Über 19 Jahre lang leitete Mag. Katharina Strohmayer das BiG-Schulzentrum – Bundesinstitut für Gehörlosenbildung in Wien. Mit August 2020 wurde sie in den Ruhestand versetzt. gehört.gelesen bat die erfahrene Pädagogin zum Interview.
GG: Frau Magister Strohmayer, wie sind Sie zur Hörgeschädigtenpädagogik gekommen?
KS: Ich wusste bereits mit 17 Jahren, dass ich am Sonderschulbereich arbeiten möchte. Ich schaute mir damals Kinderheime und Sonderschulen an, absolvierte dort auch Praktika und merkte dabei, dass ich zu hörbeeinträchtigten Kindern guten Zugang finde. Daher absolvierte ich in Köln das Studium zur Hörgeschädigtenlehrerin: In Deutschland hat man damals parallel zur normalen Lehramtsausbildung für zwei spezielle Fachrichtungen der Sonderschule studiert.
Ich arbeitete dann in Deutschland, als mich 1983 die Liebe nach Wien führte. In Wien arbeitete ich an der Schwerhörigenschule – erst als Integrationslehrerin und dann in der Klasse – bis ich vor ungefähr 23 Jahren die Schule in der Josefstädter Lange Gasse übernahm, die ich als Schwerpunktschule für Cochlea-implantierte Kinder ausbauen konnte.
GG: Die Vor- und Volksschule Lange Gasse hat seither einen Integrationsschwerpunkt für hörbeeinträchtigte Kinder beibehalten. Wieso haben Sie als Sonderschullehrerin damals die Leitung einer reinen Regelschule übernommen?
KS: Weil eine Elterninitiative damals beim Stadtschulrat erreicht hatte, dass ich diesen Schulschwerpunkt etablieren durfte. Ich war gerade drei Jahre Direktorin an der Lange Gasse und sehr gerne dort, als der Stadtschulart während des laufenden Schuljahrs eine neue Leitung für das BiG suchte und mich dorthin berief. Das war vor etwas mehr als 19 Jahren.
Am BiG hatte ich plötzlich Kinder von null bis 18 Jahren zu betreuen. Das eröffnete mir neue pädagogische Möglichkeiten, weil ich damit viele neue Impulse setzen, sehr flexibel arbeiten und auf die Kinder eingehen konnte. Das BiG bietet vom Aufbau her großartige Voraussetzungen!

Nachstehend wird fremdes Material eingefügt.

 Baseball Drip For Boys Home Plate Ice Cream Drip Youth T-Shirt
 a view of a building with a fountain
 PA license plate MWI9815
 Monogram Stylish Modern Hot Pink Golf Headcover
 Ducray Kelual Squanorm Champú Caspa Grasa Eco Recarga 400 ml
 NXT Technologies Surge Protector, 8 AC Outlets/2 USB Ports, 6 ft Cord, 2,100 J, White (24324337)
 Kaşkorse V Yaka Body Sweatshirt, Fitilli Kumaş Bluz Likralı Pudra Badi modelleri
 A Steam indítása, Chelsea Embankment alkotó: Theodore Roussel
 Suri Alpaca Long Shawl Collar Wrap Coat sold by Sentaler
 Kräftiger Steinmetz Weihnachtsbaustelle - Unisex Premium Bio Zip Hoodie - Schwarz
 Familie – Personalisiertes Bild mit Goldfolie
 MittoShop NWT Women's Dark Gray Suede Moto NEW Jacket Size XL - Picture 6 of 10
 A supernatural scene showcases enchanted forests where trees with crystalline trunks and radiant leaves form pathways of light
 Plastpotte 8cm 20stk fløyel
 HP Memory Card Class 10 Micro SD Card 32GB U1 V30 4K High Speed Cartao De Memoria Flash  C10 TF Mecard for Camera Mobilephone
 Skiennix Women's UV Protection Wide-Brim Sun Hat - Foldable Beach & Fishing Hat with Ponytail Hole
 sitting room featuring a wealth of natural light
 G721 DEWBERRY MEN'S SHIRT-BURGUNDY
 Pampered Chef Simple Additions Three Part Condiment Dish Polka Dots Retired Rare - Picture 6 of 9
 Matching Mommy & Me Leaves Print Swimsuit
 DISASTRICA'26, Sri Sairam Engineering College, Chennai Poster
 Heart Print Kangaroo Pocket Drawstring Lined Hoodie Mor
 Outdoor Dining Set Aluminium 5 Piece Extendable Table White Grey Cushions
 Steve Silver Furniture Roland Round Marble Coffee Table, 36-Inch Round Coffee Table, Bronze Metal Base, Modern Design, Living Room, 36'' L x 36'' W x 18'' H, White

GG: Über das umfangreiche Ausbildungs- und Betreuungsangebot am BiG haben wir 2014 schon gesprochen.1 Doch welche speziellen Akzente haben Sie persönlich am BiG gesetzt?
KS: Das war einerseits die Methodenvielfalt: Wir haben heute wirklich für alle Kinder von hochintelligenten Kindern bis zu Kindern mit erhöhtem Förderbedarf adäquate Angebote.
Dann haben wir eine Vielfalt in der Methodik und Didaktik entwickelt, sodass wir alles anbieten: vom bilingualen Unterricht: Gebärdensprache und Laut– oder Schriftsprache bis hin zu hörgerichtetem Unterricht für Kinder, die mit Hörgerät oder Cochlea–Implantat lautsprachlichen Unterricht gut folgen können.
Der dritte Aspekt war ein starker Ausbau der Inklusion. Im letzten Jahr hatten wir 34 Klassen, davon 21 Inklusions- und 13 Kleinklassen: Manche Kinder gehen in der großen Gruppe unter, deswegen ist diese Parallelität verschiedener Angebote so wichtig. Das Angebot sollte unbedingt weiter bestehen!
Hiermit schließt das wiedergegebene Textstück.